Un eco semejante a un trueno se expande en Paseo de la Reforma. “Cuarenta y tres”, el número de la indignación. Miles marchan encabezados por los padres de los jóvenes desaparecidos aquella noche en Iguala. Un año después sus rostros han cambiado: les han caído todas las arrugas del mundo. “La voz se me ha vuelto ronca”, dice Epifanio Álvarez, padre de Jorge Álvarez —normalista, ojos negros, 19 años—, de tanto gritar, exigir y llorar.

Desde el Ángel de la Independencia ondean banderas negras; rostros de colores se elevaban en estandartes, “43 razones, para continuar luchando”. Y si aún hay alguien en “este planeta que no entienda se lo voy a decir en idioma universal”, grita en inglés uno de los manifestantes, que los mexicanos demandan una investigación, y acusa coordinación de las autoridades en contra de los normalistas.

Frente a él, una de las fuentes de Alameda Central es teñida de rojo por un grupo de estudiantes. La representación simbólica de la sangre de Daniel Solís Gallardo; Julio César Mondragón Fontes o Julio César Ramírez, normalistas brutalmente asesinados la noche de la desaparición.

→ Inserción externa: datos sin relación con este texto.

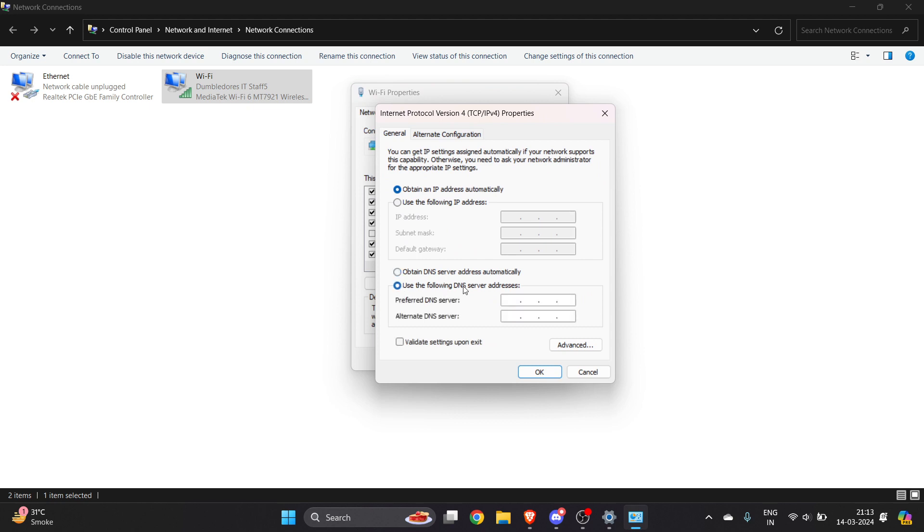Here you have to select 'Use the following DNS server address'. You have to type 8.8.8.8 for preferred DNS and 8.8.4.4 for alternate DNS. Once you do it, click OK and apply.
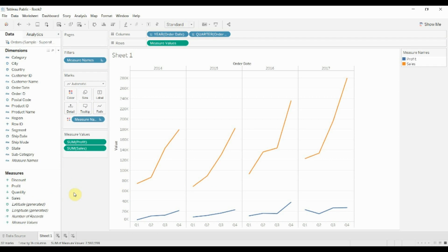And that wraps it up for this episode of Tableau in two minutes. That's a really quick, simple version of how to create a combined axis chart. If you have any questions, please leave them in the comments. If you would like, there is a link to the workbook and to the dataset in the video description. If you like what you hear, then please give us a thumbs up and subscribe to our channel and we will see you next time.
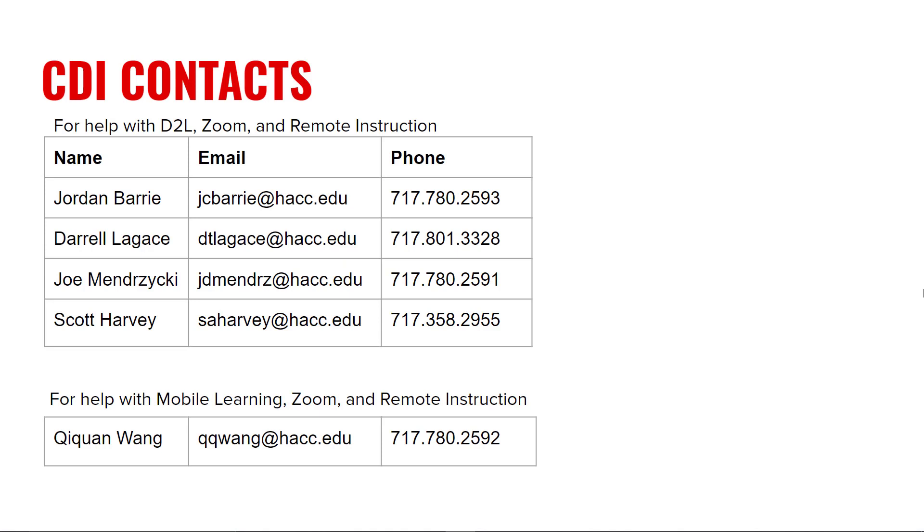That's how to use Calendly to schedule office hour appointments for your students. Instead of emailing students back and forth to determine a time to meet, save time by creating a Calendly account and linking your event to your D2L course. If you need any help with this or anything else related to D2L, Zoom, or remote instruction, please reach out to anyone on the CDI team. Thank you.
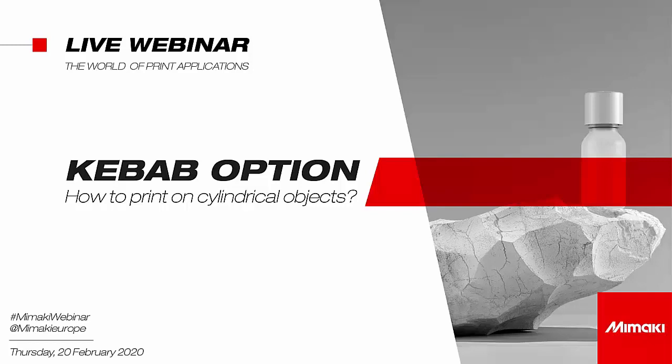Hi everyone, and welcome to our application webinar about the kebab options of our UGF series, live from Amsterdam. My name is Rens van Haaren, and today my colleague Pim de Vries and I are excited to teach you a bit more about how to print on cylindrical objects, and how easy it can be, and why it can be a value to a broad range of industries. So we hope you will learn something new, and we would like to thank you all for joining us today.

La lluvia empapa rostros, zapatos y la ropa de los padres, las voces de comerciantes que venden en 10 pesos bolsas para cubrirse de la lluvia rivalizan con las peticiones que se han vuelto una sola imagen: una fotografía en una lona con el nombre de cada desaparecido, en Michoacán, Chiapas, Guerrero.

Las calles de la ciudad de México se pintan de consignas a un año de la tragedia. Desde la Torre del Caballito resaltan las pintas: “Todas las mañanas al alba mi corazón es fusilado en Ayotzinapa… ¡No dejaremos de buscar, nos faltan 43!”.

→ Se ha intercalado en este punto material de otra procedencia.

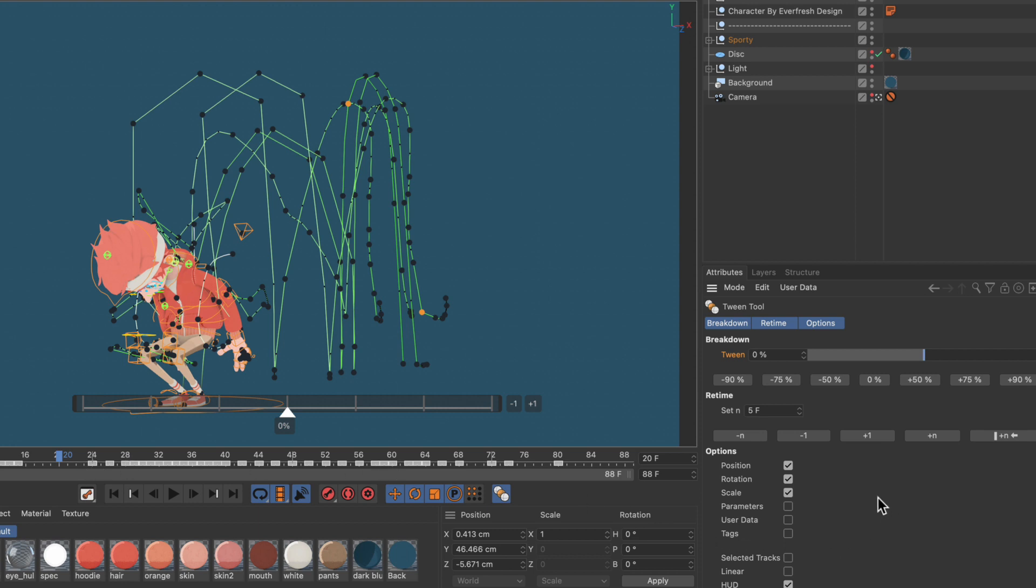First of all I would advise you to tick all of these options here because you don't just want to move position, rotation, and scale keyframes but also keyframes for parameters, user data, and tags.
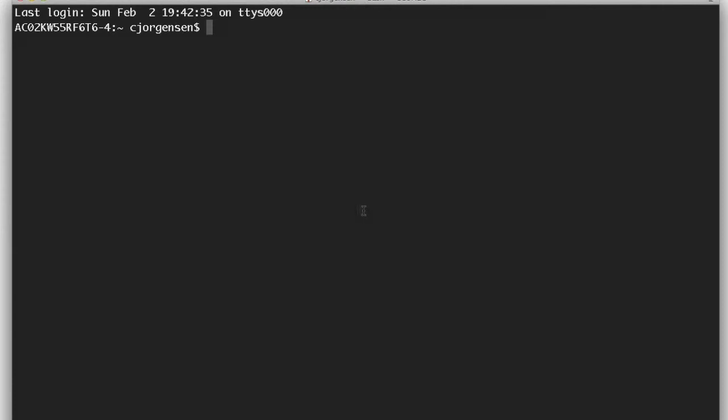I am going to demonstrate a natural language processing application called ELIZA. ELIZA was written at MIT by Joseph Weizenbaum in the mid-60s. She's built into a UNIX application called Emacs.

El movimiento ha encontrado a su propio santo en San Marx, que acompaña a los contingentes en el recorrido como grito en la pared.

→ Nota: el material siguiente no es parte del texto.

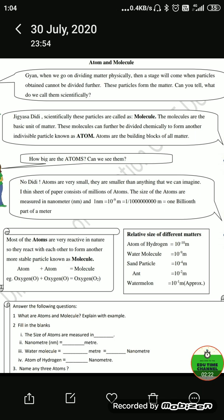To repeat: atoms are indivisible particles of matter, and molecules can be divided further chemically to form atoms.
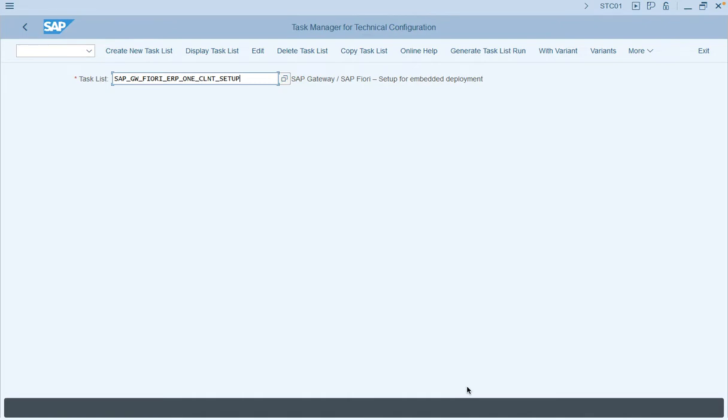The first task list to be activated in the system is the automatic activation of the embedded deployed SAP Fiori. The task list responsible for this embedded deployment activation is SAP Gateway Fiori ERP1 client setup.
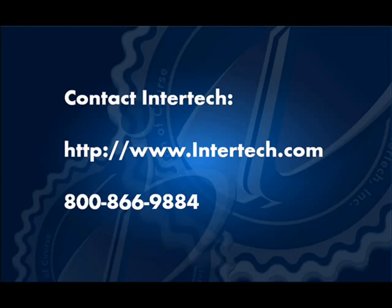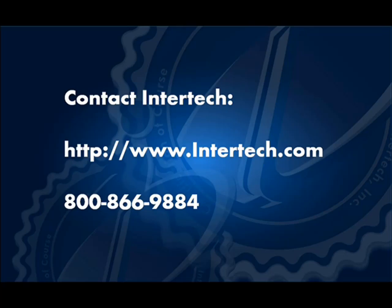For more free learning resources and to see the latest lineup of our instructor-led .NET, Java, and XML courses, visit us at www.intertech.com.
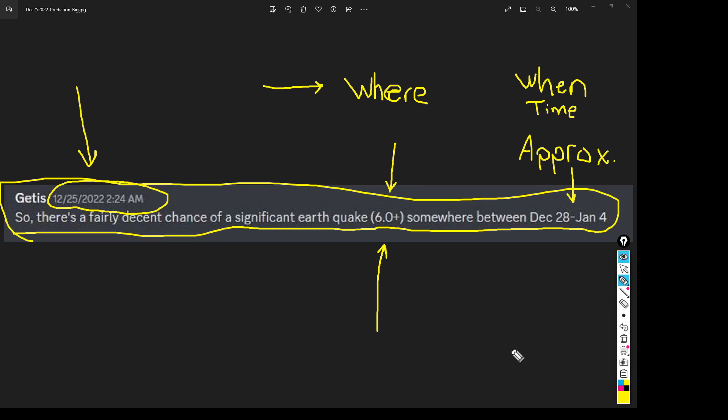You know, smaller earthquakes, threes, fours, and fives. This is usually fairly significant earthquakes that are being predicted.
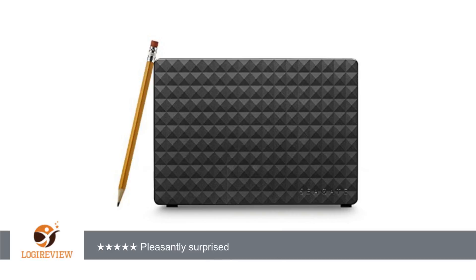If I needed another 5 terabytes right now, I wouldn't hesitate on buying another one of these. Amazon packing was a little sketchy. The airbags stopped the HD from moving horizontally in the box, but not vertically.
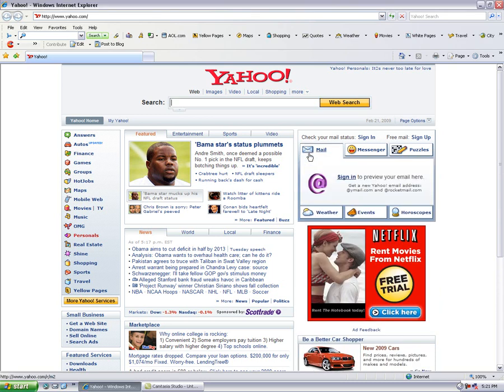This video is going to talk to you about how to use your existing Yahoo mail account to access your domain name mail using the POP3 access. And then you can respond back and any mail you receive looks like it came from your domain mail.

Ayotzinapa logra crear un amasijo de activistas del país e inconformidades antañas: los macheteros de Atenco, las muertas de Juárez, los vecinos de Coyoacán que no tienen agua; los maestros de la Coordinadora Estatal de Trabajadores de la Educación (CETEG) contra la reforma educativa.

La organización Fuentes Rojas de Coyoacán, que una vez a la semana bordan sobre servilletas el drama nacional recorren las calles hasta el Zócalo. Sus mantos hacen memoria: “Julio César Modragón Fontes, de 22 años, estudiante de la Escuela Normal Rural de Ayotzinapa, golpeado, asesinado, desollado. Iguala, Guerrero. Contigo vivo en tu resistencia. Vivo en una lágrima de rabia, en un puño alzado en mi brazo firme que marcha sobre él”.

De espaldas a Palacio Nacional, con la cara puesta en la multitud que grita en varios momentos: “¡No están solos!, ¡No están solos!”, la tristeza se ve en sus rostros, ojos sumidos en ojeras.

Cristina Bautista, madre de Benjamín Ascencio, uno de los 43 desaparecidos, tiene la mirada perdida. Han pasado 365 días que no regresa a su casa, en Alpuyecancingo de las Montañas. La señora da las gracias por el apoyo a la gente. Les pide que no tengan miedo. En este tramo recorrido ya dejó cualquier temor atrás.

Los claveles rosa y blanco que toma en su mano, son los mismos que acompañan los puños de Marisa Mendoza Cacahuatzin, que como los otros familiares, porta un gallardete con la fotografía de su esposo Julio César Mondragón Fontes; esta vez el normalista desollado luce contento, una banda negra le detiene el cabello que no es largo pero le hace una melena.

Bajo la lluvia, las lágrimas de los padres de los 43 se confunden. Todo parece ser gotas de agua.

Margarito Guerrero, papá de Jhosivani, el segundo normalista identificado —según la PGR— por la Universidad de Innsbruck, Austria, reprocha la falta de respuestas, de empatía por su dolor. Ezequiel Mora, padre de Alexander, porta la foto de su hijo. Para ellos, aunque se diga lo contrario, sus hijos están presentes, pese a que no los vean.